AIC can rank multiple possible models that have been evaluated on the same data. The lowest AIC score is the “selected model.” We have found that often overly complex models (i.e., more complex than the model that generated the data) can sometimes be selected, or have an AIC score very close to the true model’s. For these reasons, it is recommended to look at a distribution of the AIC scores over the set of bootstrap samples. mrpast contains a check to verify the bootstrap samples between two competing models are identical, because the data must be the same for a fair evaluation of the models. If the distributions of AIC values are indistinguishable, then the simpler model should be preferred.
AIC on a single result
Consider we have two models: modelA and modelB, and we have run mrpast process on the same data (ARGs), but once with
modelA.yaml and once with modelB.yaml. The resulting best solver outputs we’ll call best.modelA.out.json and
best.modelB.out.json. We can generate the AIC data using:
mrpast select best.modelA.out.json best.modelB.out.json > modelA_modelB.AIC.json
This resulting JSON file can be loaded into a Pandas dataframe to be examined:
import pandas as pd
import json
with open(join(RESULT_DIR, RESULTS["5D1E"])) as f:
aic_values = json.load(f)["aic_values"]
dataframe = pd.DataFrame.from_dict(aic_values)

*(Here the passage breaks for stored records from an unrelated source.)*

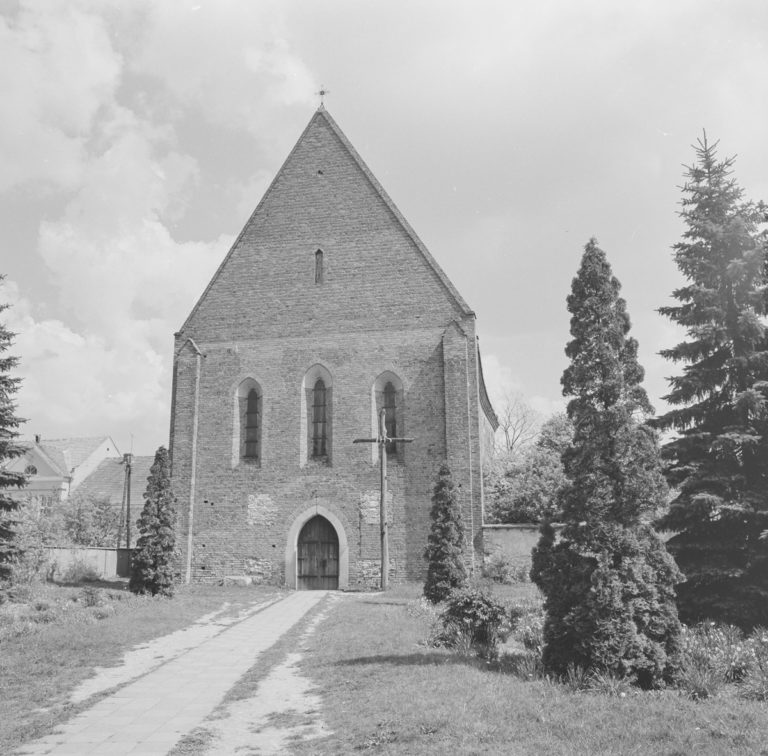 Zawichost – kościół parafialny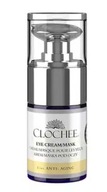 Clochee Regeneračná krémová očná maska ​​15ml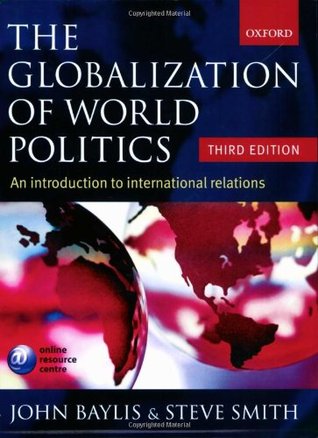 Globalization of World Politics – John Baylis and Steve Smith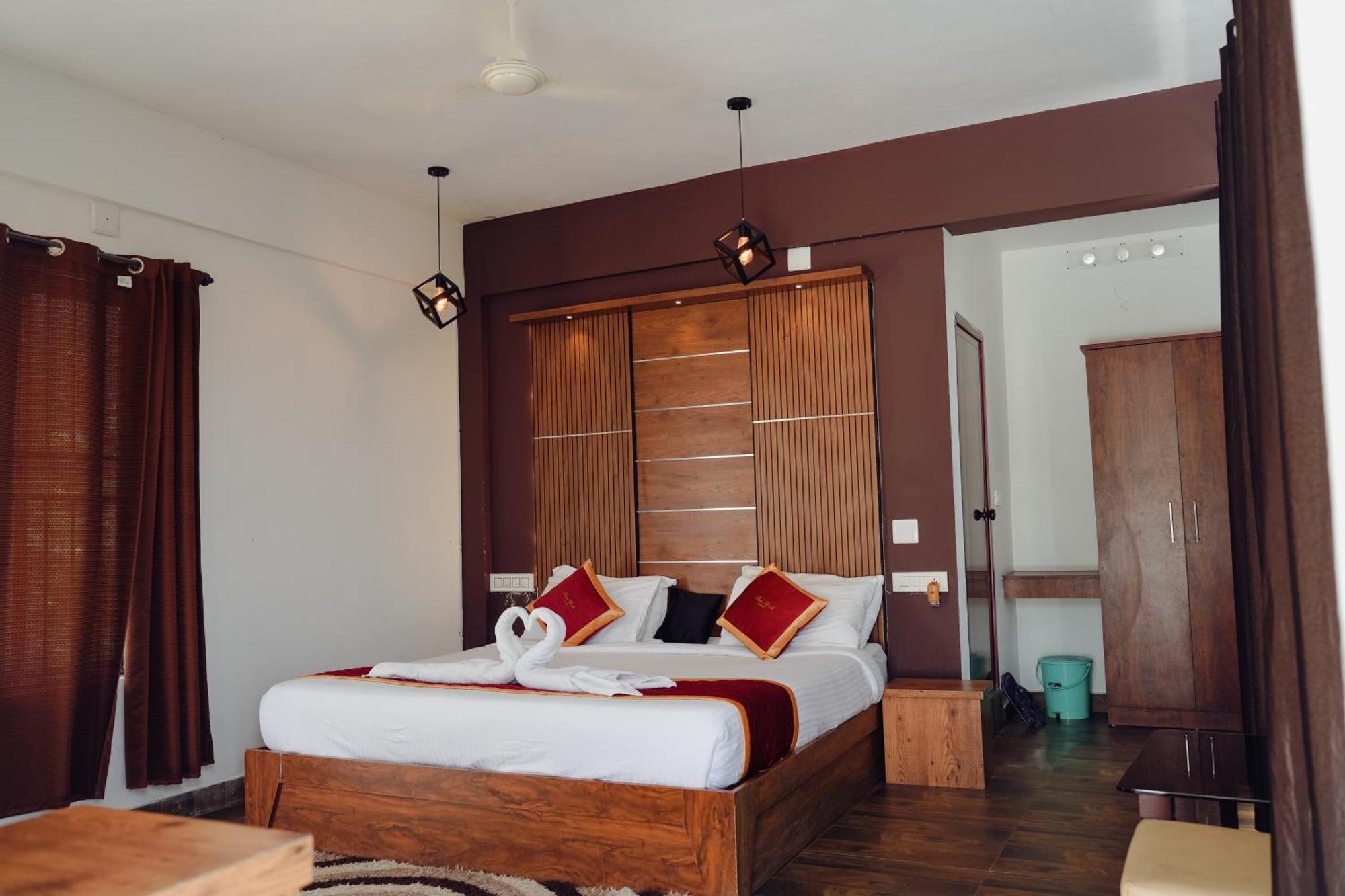 Haze Woods Resort Vaduvanchal Extérieur photo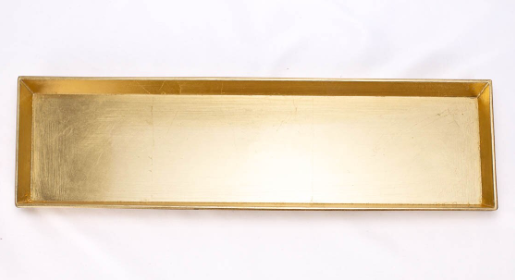 Rhodes Gold Tray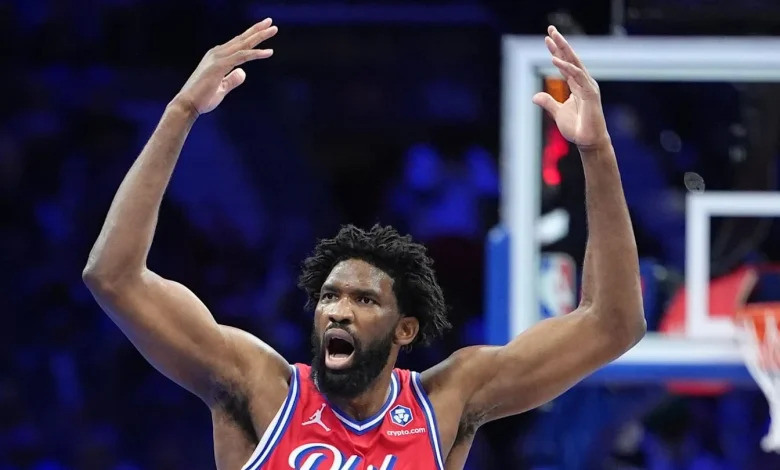 Bill Simmons Calls Out Joel Embiid’s “Ludicrous” Foul Calls in NBA Cup Matchup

Each bootstrap sample for each file is a row in the DataFrame, and the AIC (unadjusted), AIC_cl
(composite likelihood adjusted AIC, the one that should typically be used), and cL (composite
log-likelihood value) are present for each row.
AIC on bootstrap samples
To run AIC over all bootstrap samples, just use the --bootstrap flag:
mrpast select --bootstrap best.modelA.out.json best.modelB.out.json > modelA_modelB.bootstrap.AIC.json
This command will fail if you have not previously run:
# Very SLOW! Solves for all bootstrap samples
mrpast confidence -j 8 best.modelA.out.json
mrpast confidence -j 8 best.modelB.out.json
The modelA_modelB.bootstrap.AIC.json output JSON has the same format as the non-bootstrap version.
Hint: you can use the --replicates flag to reduce the number of solver replicates for each bootstrap run
to speed up the bootstrap process.
Reading/processing results
Dataframe for point estimates
The result of mrpast solve or mrpast process --solve can be imported as a dataframe using
mrpast.result.load_json_pandas(). Example:
from mrpast.result import load_json_pandas
dataframe = load_json_pandas("solver_output.json")
Dataframe for bootstrap results
The result of mrpast confidence can also be imported as a dataframe using
mrpast.result.summarize_bootstrap_data(). See the example above. The bootstrap results
contain more than just confidence interval information.